Толстой говорил о необходимости «уравнять крестьян во всех их правах с другими гражданами»; «уничтожить бессмысленное, ни на что не нужное, оставленное только для самого трудолюбивого, нравственного и многочисленного сословия людей, позорное телесное наказание»; сделать образование доступным всем; «уничтожить все стеснения религиозной свободы».

Не появилось в газетах и письмо Толстого с признательностью всем, кто выказал ему сочувствие по поводу постановления Святейшего синода от 20–22 февраля о том, что церковь не считает Толстого своим членом, «доколе он не раскается и не восстановит своего общения с нею». Не был опубликован и полный «Ответ» Толстого Синоду, написанный им в первые дни апреля. Он закончил его словами: «Я начал с того, что полюбил свою православную веру более своего спокойствия, потом полюбил христианство более своей церкви, теперь же люблю истину более всего на свете. И до сих пор истина совпадает для меня с христианством, как я его понимаю. И я исповедую это христианство; и в той мере, в какой исповедую его, спокойно и радостно живу и спокойно и радостно приближаюсь к смерти».
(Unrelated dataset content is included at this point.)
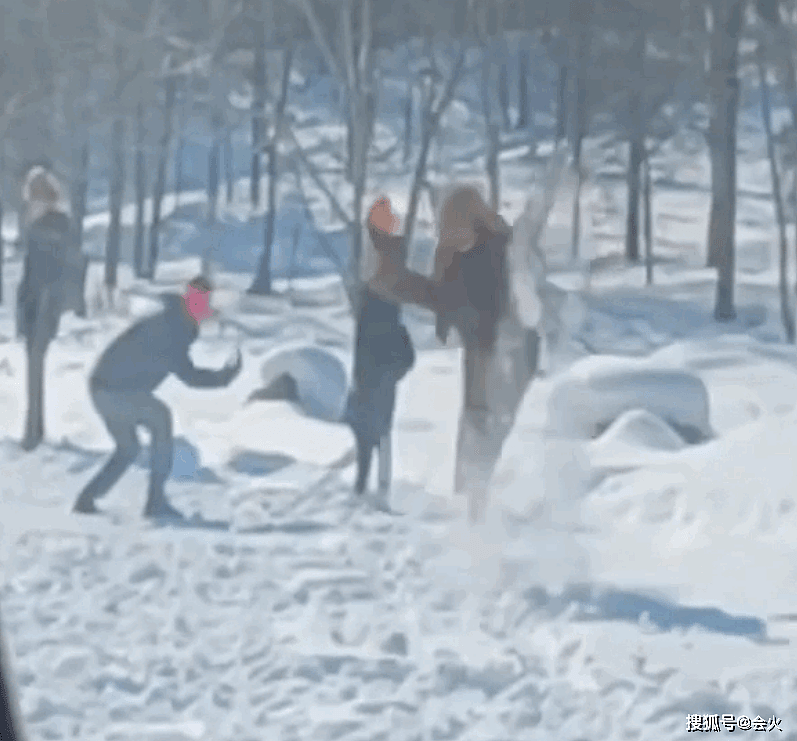 赵丽颖蹲地上玩雪被偷拍！徒手扒雪不嫌脏，大力踢雪差点站不稳 - 3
Все эти письма ходили в списках. Современники упоминали о них в переписке, в дневниках. Суворин записал 7 марта: «Очень тяжело, и физически, и нравственно. Опять беспорядки молодежи. Чувствуешь, что что-то делается, что-то движется. У нас не как у всех. <…> Говорить, прямо и открыто, невозможно». Через три месяца Суворин оставил запись: «Два царя у нас: Николай второй и Лев Толстой. Кто из них сильнее? Николай II ничего не может сделать с Толстым, не может поколебать его трон, тогда как Толстой, несомненно, колеблет трон Николая и его династии. <…> Новое время настает, и оно себя покажет. Оно уже себя показывает тем, что правительство совершенно спуталось и не знает, что начать. <…> Но долго ли протянется эта безурядица? Хоть умереть с этим убеждением, что произвол подточен и совсем не надо бури, чтоб он повалился. Обыкновенный ветер его повалит».